Modern text-to-image diffusion models encode rich visual priors but expose them only through one-way, text-conditioned generation. Existing unified vision–language models derived from them recover bidirectional capability through large-scale joint pretraining or substantial retraining of the text pathway, discarding the strong image prior the text-to-image backbone already encodes.
We introduce FullFlow, a parameter-efficient recipe that upgrades a pretrained rectified-flow text-to-image model into a bidirectional vision–language generator by training only LoRA adapters and lightweight text heads. FullFlow keeps images in their native continuous flow and adds a discrete insertion process for text. Separate image and text timesteps turn inference into trajectory selection in a two-dimensional generative space, enabling text→image, image→text, joint sampling, and partial-text prediction with a single backbone.
On Stable Diffusion 3 under an identical trainable-parameter count and matched LoRA rank, FullFlow improves text→image FID from 62.7 → 31.6 and image→text CIDEr from 2.0 → 99.4 over a LoRA equivalent of the previous SOTA (Dual Diffusion) at matched wall-clock time, while reducing peak VRAM from ~84 GB to ~38 GB and raising throughput by ~8× on two RTX A5000 GPUs in under 24h — training only ~5% of the backbone. The same recipe transfers to FLUX.1-dev and supports downstream VQA through partial-text generation.
Convert a pretrained text-to-image rectified-flow model into a bidirectional vision–language generator by training only LoRA adapters and lightweight text heads, while preserving the pretrained image prior.
Keep images in the native continuous flow, add a discrete insertion process for text, and decouple image and text timesteps so conditional, joint, and partial-text generation become different trajectories in a single (t,τ) space.
On SD3 and FLUX.1-dev, outperform a matched Dual Diffusion-LoRA baseline on text→image retention and image→text quality, support downstream VQA, all while training on two commodity GPUs.
Images live in the native continuous rectified-flow latent space (image time t). Text lives in a discrete insertion process built on Edit Flows, with its own text time τ. A single shared backbone consumes both together — making the two modalities mutually informative at every forward pass.
We construct a controlled, matched baseline (DualDiff.-LoRA) on the same SD3 backbone, same LoRA rank, same data, same optimizer, and nearly identical trainable parameter count (136.8M vs. 136.1M). The two methods differ only in their cross-modal interface.

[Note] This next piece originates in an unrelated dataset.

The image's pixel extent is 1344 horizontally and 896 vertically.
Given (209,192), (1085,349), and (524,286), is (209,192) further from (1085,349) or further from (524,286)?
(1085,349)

| Method | Text → Image | Image → Text | ||
|---|---|---|---|---|
| FID ↓ | CMMD ↓ | CIDEr ↑ | BERT-F1 ↑ | |
| DualDiff.-LoRA | 62.65 | 0.870 | 2.0 | −0.27 |
| FullFlow step-matched | 29.32 | 0.021 | 13.4 | 0.02 |
| FullFlow time-matched | 31.57 | 0.121 | 99.4 | 0.44 |
FID and CMMD are measured against the frozen base SD3 (prior preservation). CIDEr and BERT-F1 are measured against held-out Moondream captions on a 5k validation split.
Captions generated by FullFlow-SD3 via the discrete insertion process. The whole captioning interface is added with ~136M trainable parameters on top of frozen SD3 — no autoregressive decoder, no joint pretraining.

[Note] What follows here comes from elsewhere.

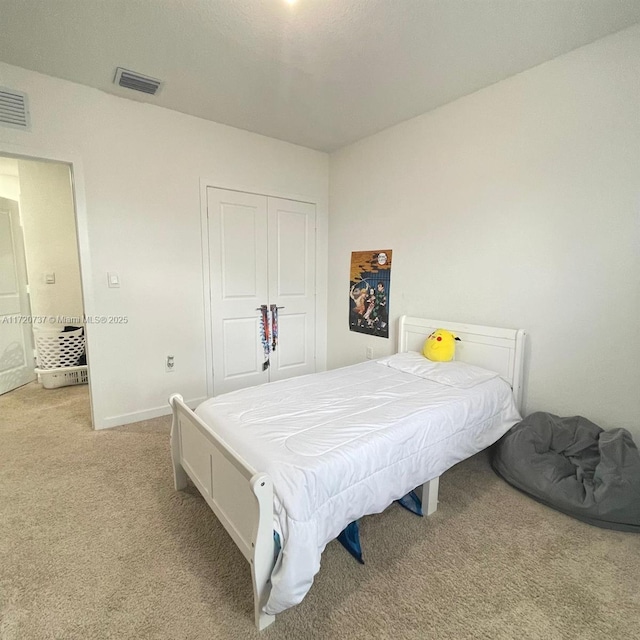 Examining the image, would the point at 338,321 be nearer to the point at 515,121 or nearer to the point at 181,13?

To verify the recipe is not specific to SD3, we apply it to FLUX.1-dev with minimal architecture-specific changes, sharding the 22 GB model across three RTX A5000 GPUs. After 40k πind + 20k πac steps (~36h total), CIDEr reaches 73.6 while the text→image prior holds at FID 24.7 / CMMD 0.014.








A central worry: doesn't adding captioning break the original image generator? We design a same-noise teacher-matching objective — the frozen base model (just the LoRA-disabled student) acts as a teacher, requiring no extra memory. The result: the FullFlow finetune still generates high-quality images at identical prompts & seeds. Compare the SD3 base model vs. our FullFlow-SD3 finetune below.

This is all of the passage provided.